◆ **Supplied data**:
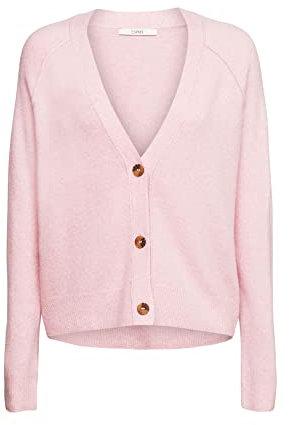 ESPRIT 991ee1i326, Maglione Cardigan Donna, Light Pink, XL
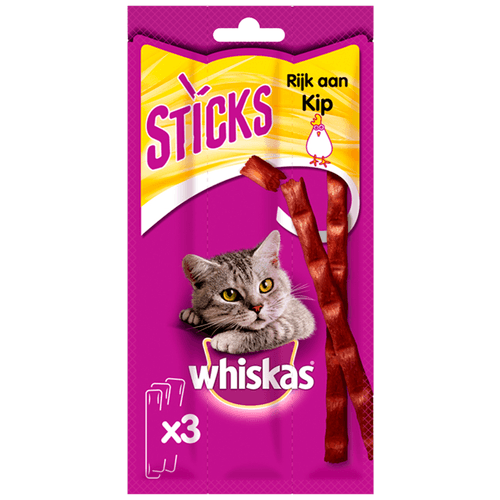 Whiskas Kattensnacks sticks rijk aan kip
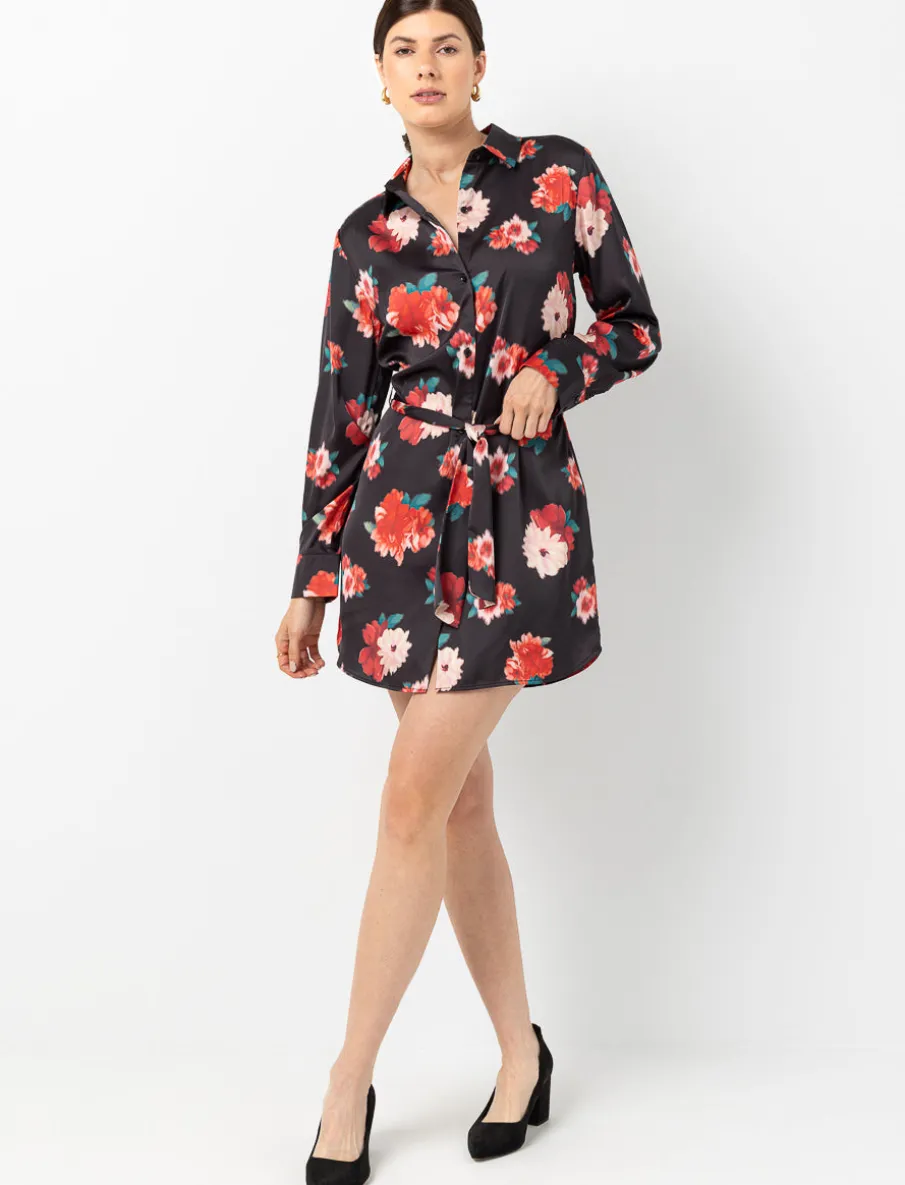 Satin Shirt Dress with Belt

◆ **Task to carry out**:
Transcribe the material exactly, leaving every picture out.

◆ **Exercise response**:
 ESPRIT 991ee1i326, Maglione Cardigan Donna, Light Pink, XL
 Whiskas Kattensnacks sticks rijk aan kip
 Satin Shirt Dress with Belt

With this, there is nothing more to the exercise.